Se toman en cuenta aspectos técnicos relacionados con la nutrición del cultivo, destacando la importancia del boro en la etapa previa a la floración para garantizar una adecuada formación del polen, una fecundación completa y un óptimo llenado de la semilla, factores que inciden directamente en el rendimiento y la producción de aceite.
Las recomendaciones son básicas sobre el manejo agronómico del girasol, con el propósito de que puedan evaluar la viabilidad de incorporarlo en el próximo ciclo agrícola como una opción para fortalecer la rentabilidad de sus parcelas.
Este interés también ha comenzado a ser seguido de cerca por organizaciones del sector rural, entre ellas la Confederación Nacional Campesina (CNC), así como otras agrupaciones de productores, que ven en el girasol una alternativa para diversificar los cultivos tradicionales y aprovechar nuevas oportunidades de mercado, particularmente en regiones agrícolas como Matamoros y el norte de Tamaulipas.

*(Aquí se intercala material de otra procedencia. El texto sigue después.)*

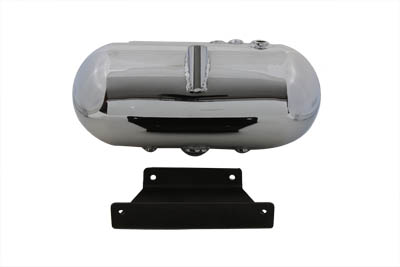 Chrome 5-1/4" Round Oil Tank w/ Battery Box for 1986-99 Softails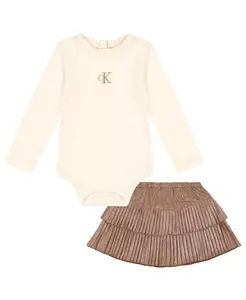Детский комплект для девочек: боди с рюшами на воротнике и плиссированной юбкой Calvin Klein, мультиколор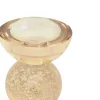 Light en Living Kaarsenhouder ITINGA Ø8x12 cm - Amberkleurig bubbelglas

Además del potencial económico, la eventual siembra de extensas superficies de girasol podría ofrecer un atractivo paisaje natural durante la temporada de floración, convirtiéndose incluso en un punto de interés para visitantes y amantes de la fotografía, al generar impresionantes postales de grandes campos cubiertos por estas flores amarillas.
La capacitación forma parte de las acciones de asesoría técnica que buscan preparar a los productores para tomar decisiones informadas sobre nuevos esquemas de producción que permitan mejorar los ingresos del sector agropecuario.